Malpraktis ve şiddet ile ilgili son dönemde bir değişikliğe gidiliyor. Bundan önce de Sağlık-Sen’in girişimleriyle bir düzenleme gerçekleştirildi, ancak kapsamına takılıyordu. Bu dönem içerisinde katalog suçları kapsamına dahil edildi. İnşallah bundan sonra da hakim ve savcılarımız gerçek manasında uygularsa suçu işleyenin, şiddeti uygulayanın yanına kar kalmayacaktır. Çünkü maganda hastaneye geliyor şiddeti uyguluyor burada sadece bizi değil vatandaşları da mağdur ediyor çünkü oradaki meslek grubu arkadaşlarımız karakola gidiyor davaları açılıyor.

Burada dikkat edilmesi gereken CİMER şikayetleri. Bununda sağlık çalışanlarının kapsamı dışına alınması gerektiğini düşünüyorum. 30 hastaya gece nöbette bir tane hemşire arkadaşımız bakıyor. Hangi hastaya nasıl hizmet edeceğini şaşırıyor herkes kendinin öncelikli hizmet almasını istiyor. Yetişemediği takdirde de şikayet ediliyor. O arkadaşımız şikayet edildikten sonra da mahkeme köşelerinde ifade vermek için gecesini gündüzüne katıyor.

 

“Külfette ortaksak, nimette de ortak olmalıyız”

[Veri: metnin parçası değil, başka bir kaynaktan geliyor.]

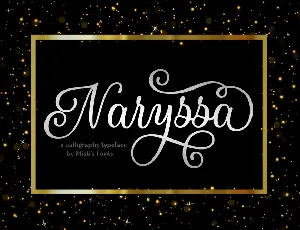 Naryssa font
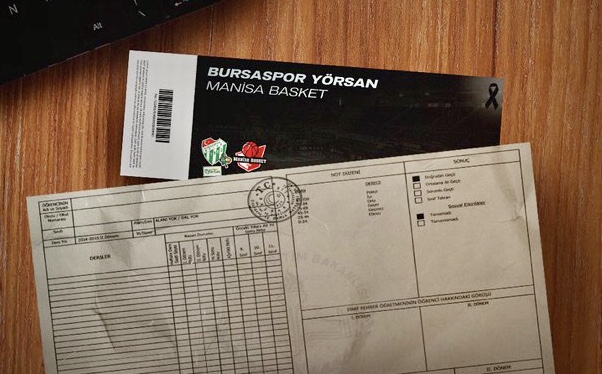 Karne hediyesi Bursaspor Yörsan’dan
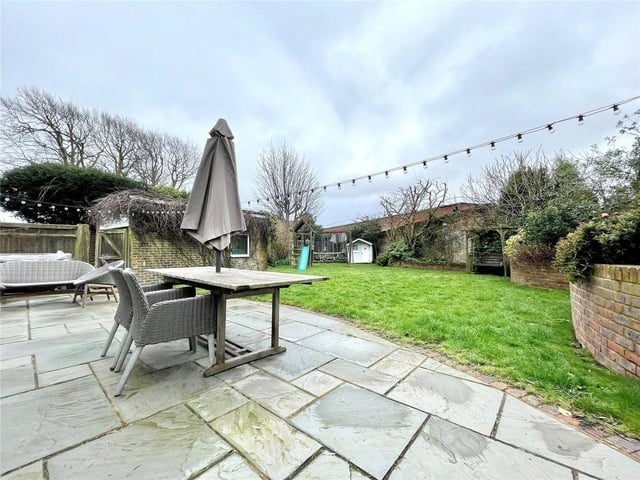 The Park Close, Old Town, Eastbourne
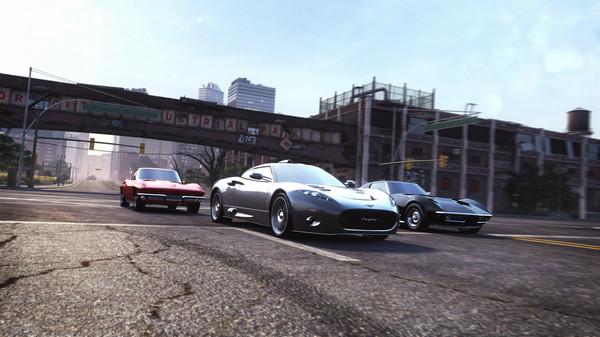The Crew - Vintage Car Pack Screenshot #1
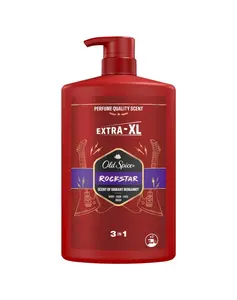 Old Spice Rockstar Sprchový gel 3v1 1000 ml
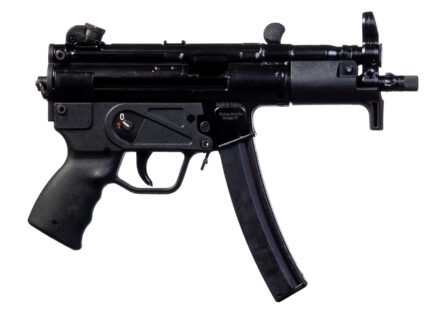 CENTURY ARMS AP5-P CORE 9MM BLK 5.75" 30+1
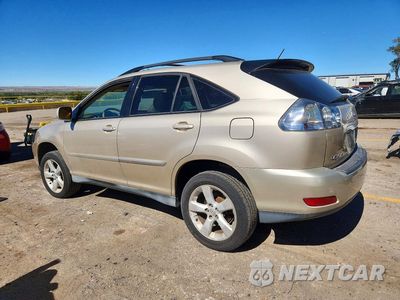 Drugie zdjęcie samochodu z przodu: 2004 LEXUS RX 330 VIN:2T2HA31U44C033786 - miniatura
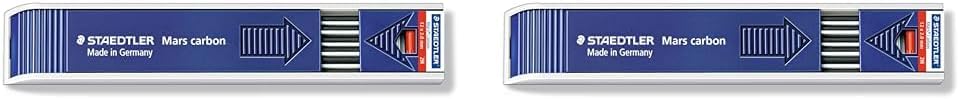 Thumbnail 4 de STAEDTLER 200-2H – Set di 12 mine per matita grafite, estuche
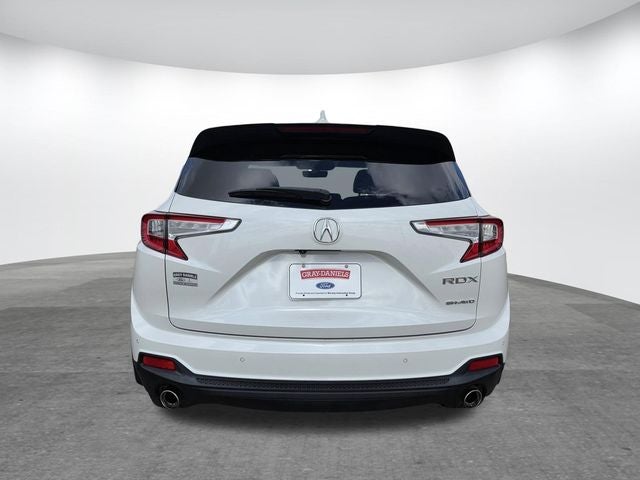 2019 Acura RDX Technology Package SH-AWD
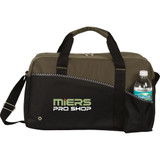 Atchison Center Court Custom Duffle Bag - 18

Hekim sendikaları adı altında sendikalar kuruldu. Cumhurbaşkanımız ve Sağlık Bakanımızın açıklamış olduğu emekli hekimlere 2500 TL uzmanlara 5000 TL pratisyenlere 2500 TL gibi bir artış gündeme gelmişti. Biz bunun tüm sağlık çalışanlarını kapsaması gerektiğini ifade etmiştik. Bununla ilgili bir dizi eylemler gerçekleştirildik. Bizi yadırgayanlar oldu. Biz bir sivil toplum örgütüyüz. Bizim üyelerimizin ve Çalışanlarımızın %99’u haktan yararlanıpta  bir kişi yararlanmasa biz meslek grubumuzun gereği doğrultusunda ona ses çıkartırız.

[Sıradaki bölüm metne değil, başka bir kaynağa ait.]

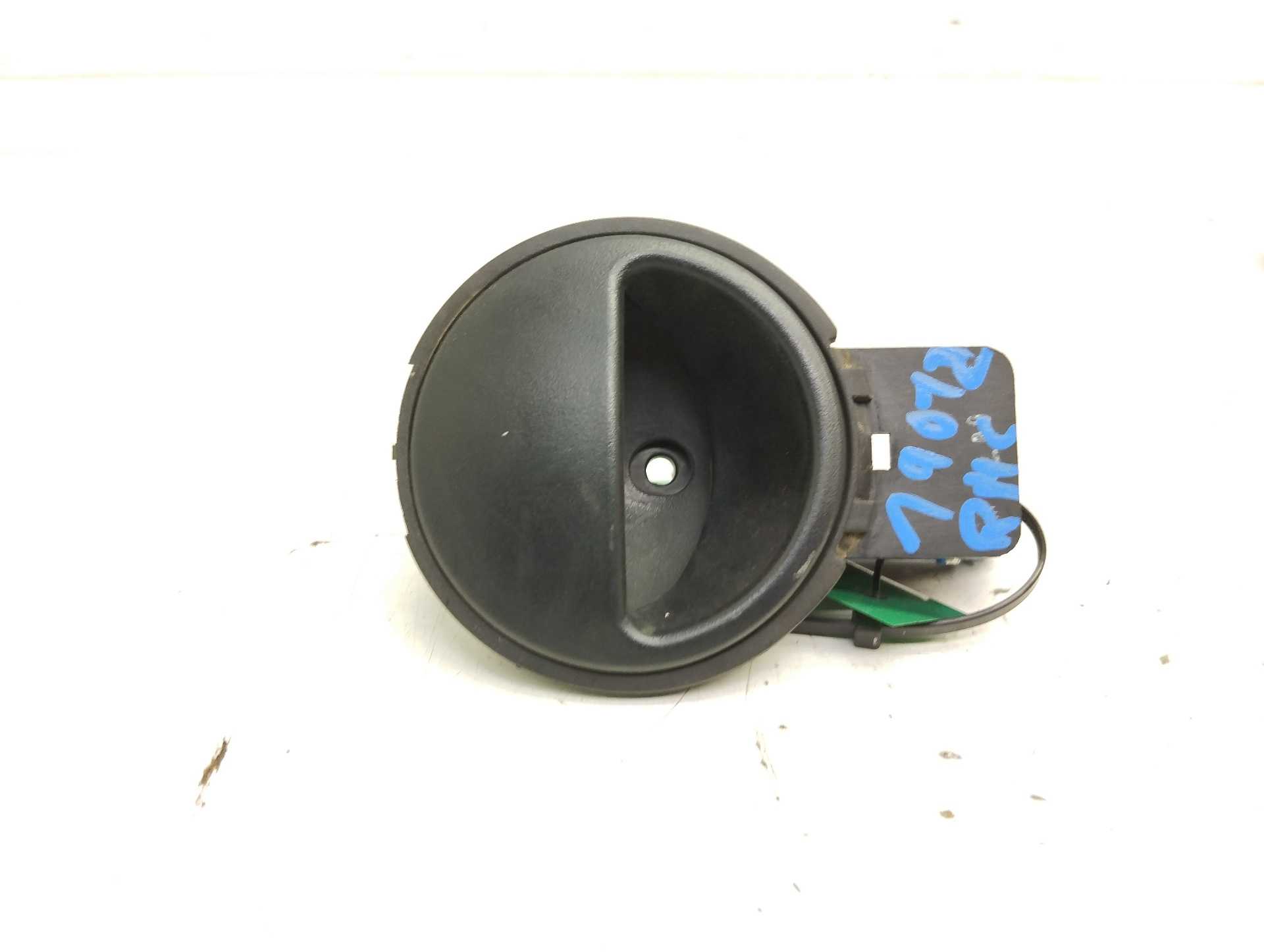 Recambio de maneta interior trasera derecha para daewoo kalos 1.4 sport referencia OEM IAM  96541648 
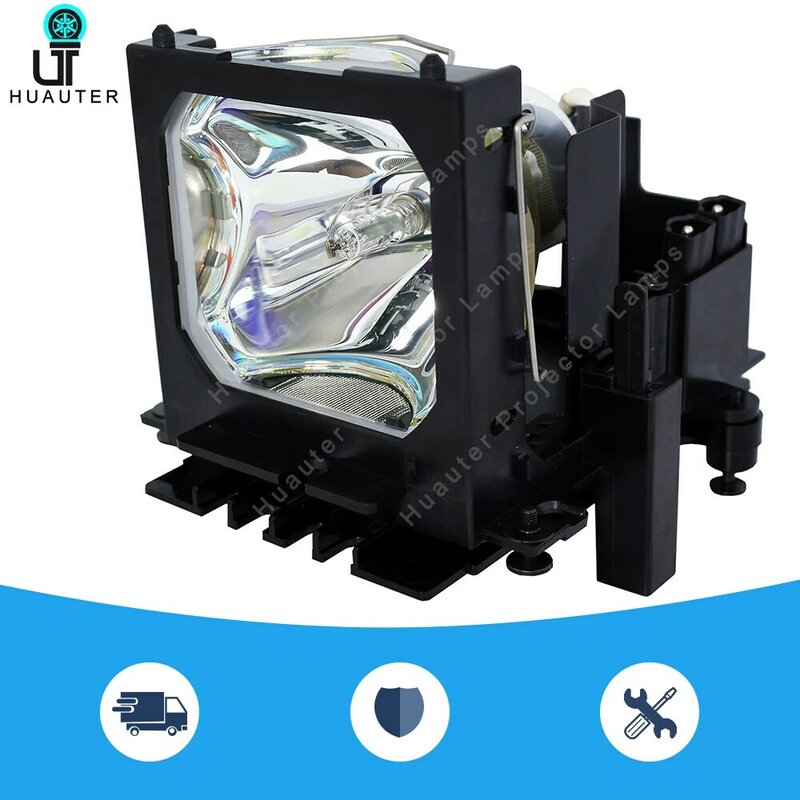 Replacement Projector Lamp 78-6969-9719-2 / FF00X801 fit for 3M X80 X80L X80S  with housing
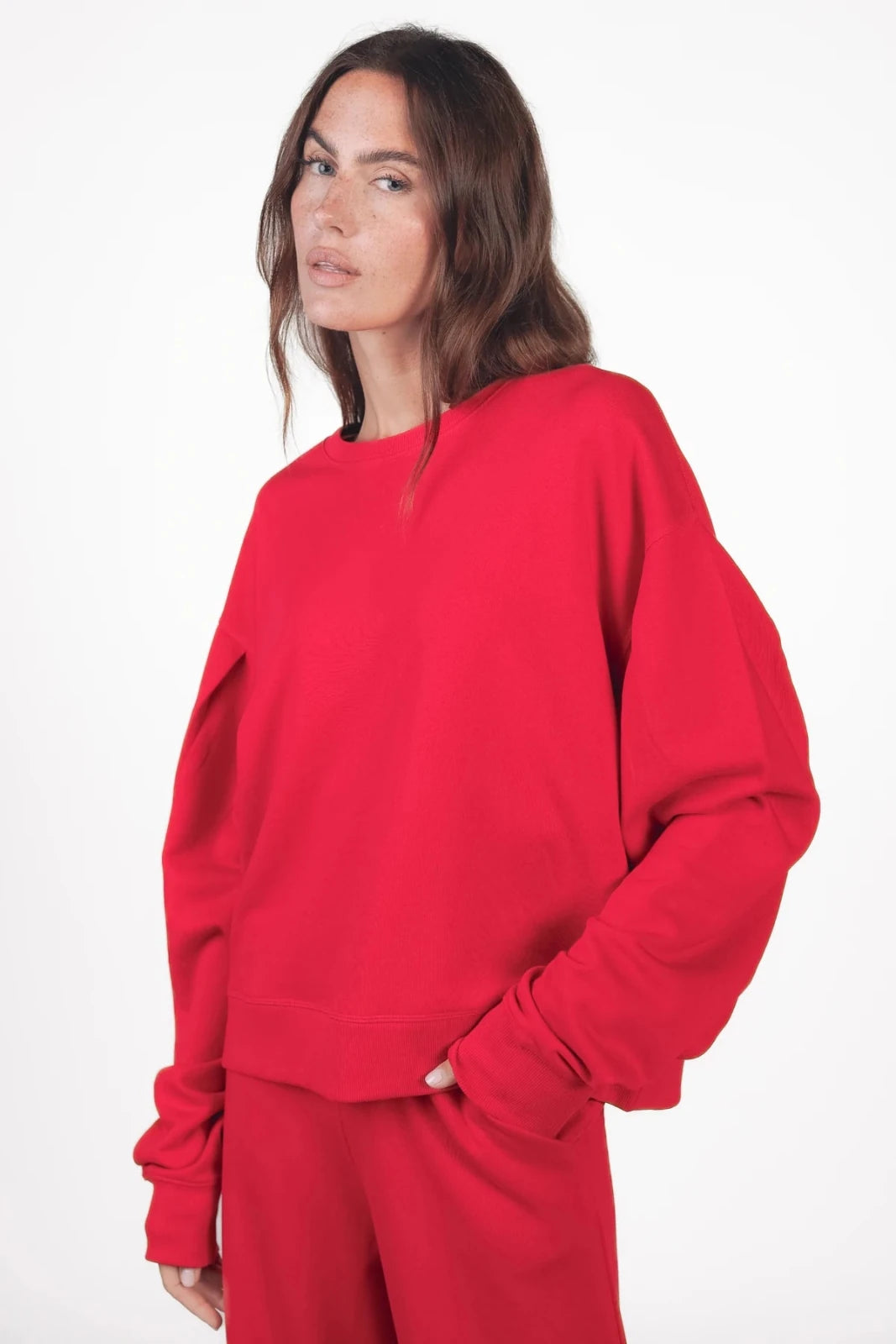 Sweatshirt Lilia - Love Joy Victory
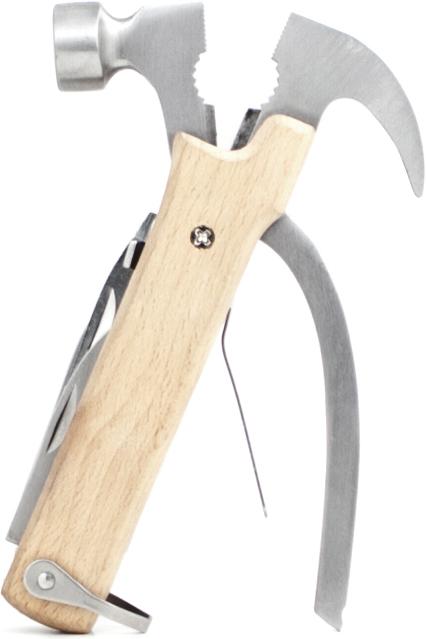 Immagine prodotto Kikkerland Martello (5 Funzioni)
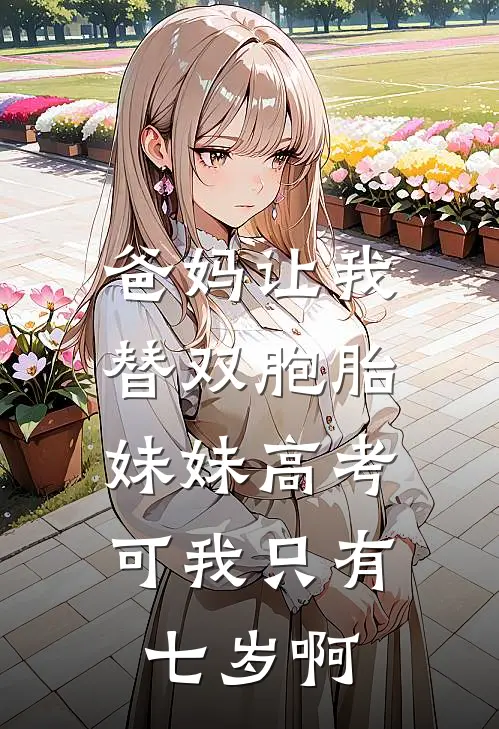 爸妈让我替双胞胎妹妹高考，可我只有七岁啊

Biz istiyoruz ki bir düzenleme yapılacaksa herkesi ve her kesimi kapsamalı. Hekimi ile hemşiresi ile tüm çalışanlarımız da herkesi ilgilendirmeli. Biz yapılacaksa eğer külfette ortaksak nimette de ortak olmamız gerektiğini düşünüyorum.

 

“3600 ek gösterge her kesimi ilgilendirecek şekilde hayata geçirilmeli”

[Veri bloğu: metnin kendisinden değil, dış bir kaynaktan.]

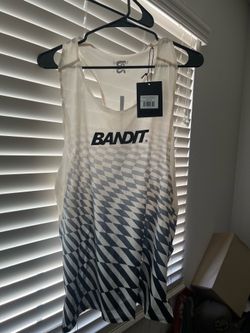Bandit Size M Singlet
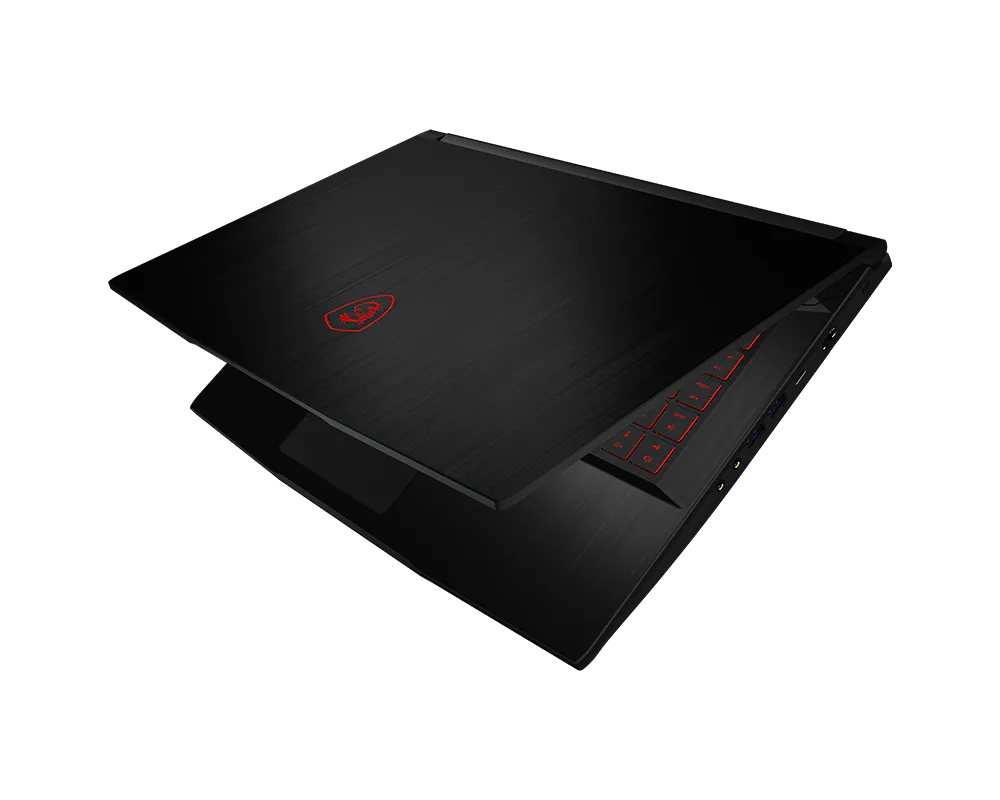 MSI Laptop Thin GF6312VE Intel core i7-12650H RTX 4050 6GB 16GB RAM 512GB NVMe 15.6" 144Hz Used - Image 2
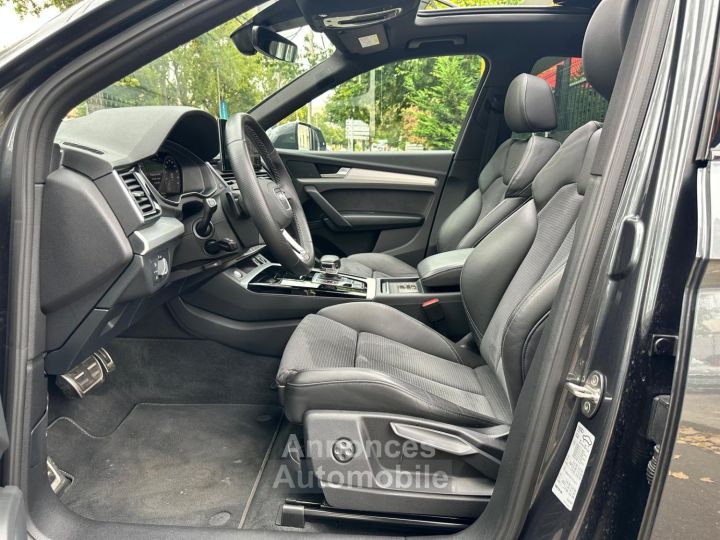 Audi Q5 Q5 II (2) 35 TDI 163 9CV S LINE S TRONIC 7 - 9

3600 ek gösterge şu anda gündemde en kısa zamanda her kesimi kapsayacak eşit düzeyde yararlanması gerektiğini ifade ediyorum. Kamuda görev yapan, sağlık işkolunda görev yapan tüm lisans mezunları, 1/4 e düşmüş tüm çalışanların; 3600 ek göstergeden yararlanmasını talep ediyoruz. Bu doğrultuda ikinci toplantı yapıldı. Üçüncü toplantı 10 Mayıs’ta gerçekleşecek bunun teferruatlı bir şekilde ele alınıp her kesime ilgilendirecek şekilde hayata geçirilmesini talep ediyoruz.” ifadelerini kullandı.